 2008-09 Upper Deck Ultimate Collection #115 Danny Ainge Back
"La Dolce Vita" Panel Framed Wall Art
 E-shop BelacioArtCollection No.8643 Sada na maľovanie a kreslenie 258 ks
◇ ◇ ◇
Copy out the whole listing exactly.

▶ [ANSWER TO THIS EXERCISE]
 2008-09 Upper Deck Ultimate Collection #115 Danny Ainge Back
"La Dolce Vita" Panel Framed Wall Art
 E-shop BelacioArtCollection No.8643 Sada na maľovanie a kreslenie 258 ks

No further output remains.